Information provided below:

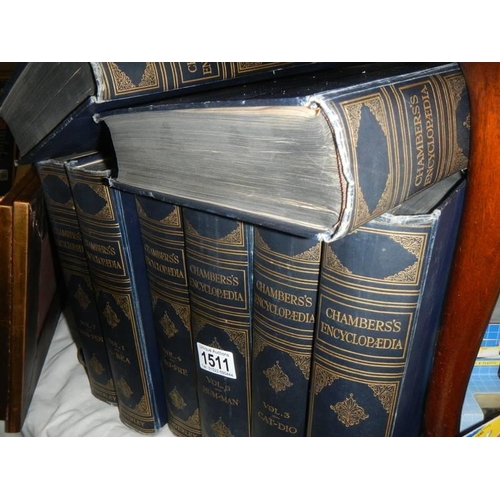 1511 - Eight volumes of Chambers encyclopaedia.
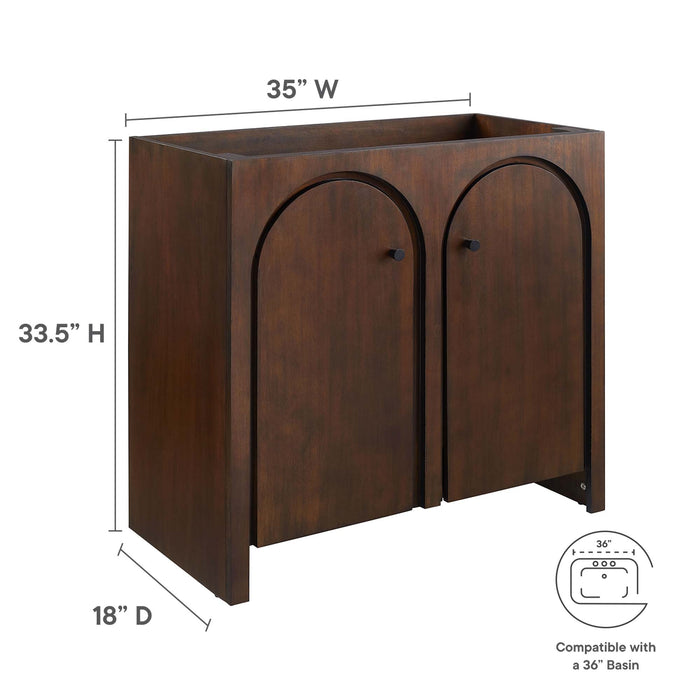 36-Inch Ralston Bathroom Vanity Cabinet – Modern Wood Construction, Sink Not Included
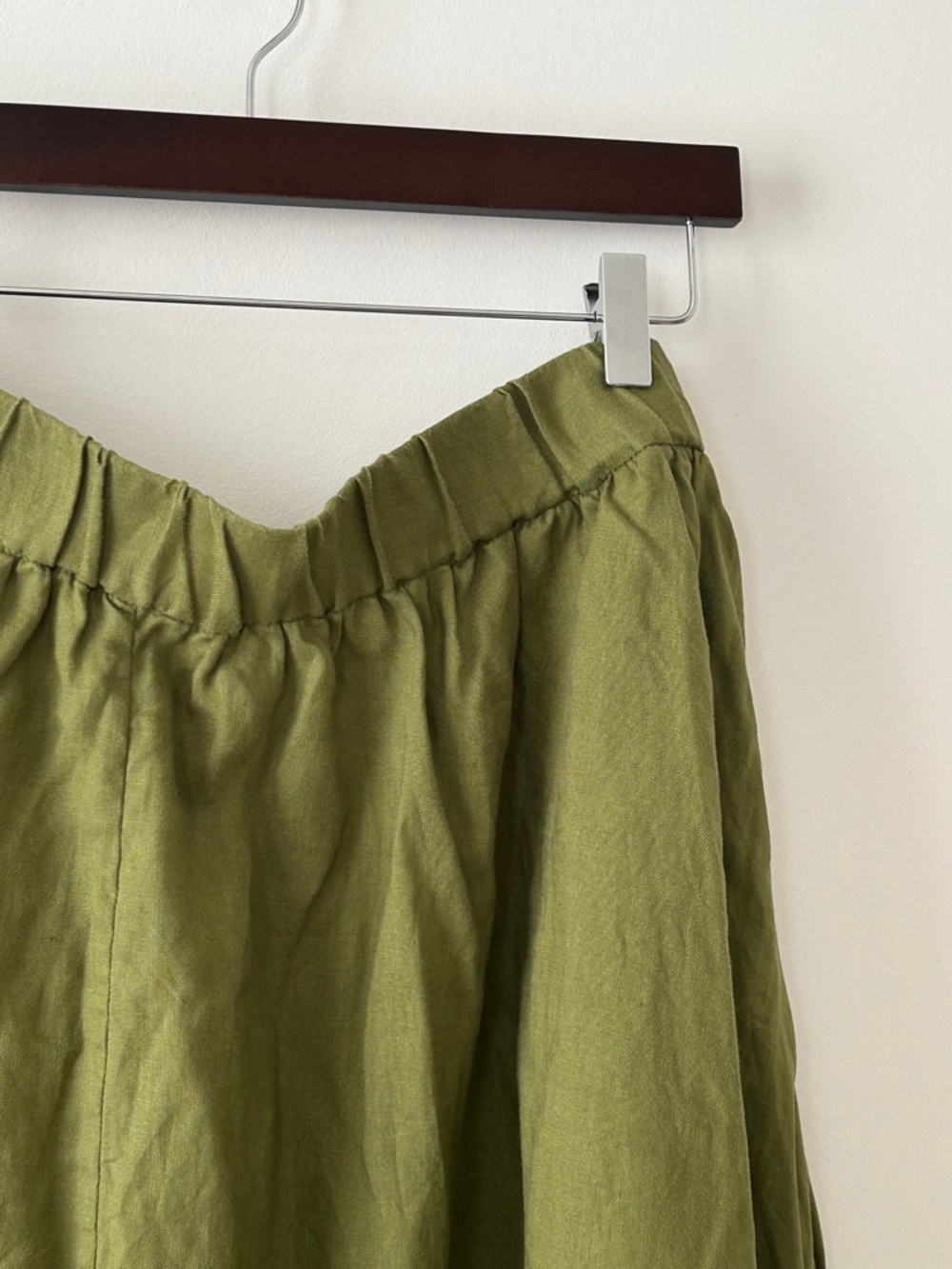 Boden 100% Linen Olive Green Maxi Skirt - Picture 5 of 16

End of Information provided.

Provide the listing above once more, exactly, with the pictures removed.

§ **Reply to the task**:
 1511 - Eight volumes of Chambers encyclopaedia.
 36-Inch Ralston Bathroom Vanity Cabinet – Modern Wood Construction, Sink Not Included
 Boden 100% Linen Olive Green Maxi Skirt - Picture 5 of 16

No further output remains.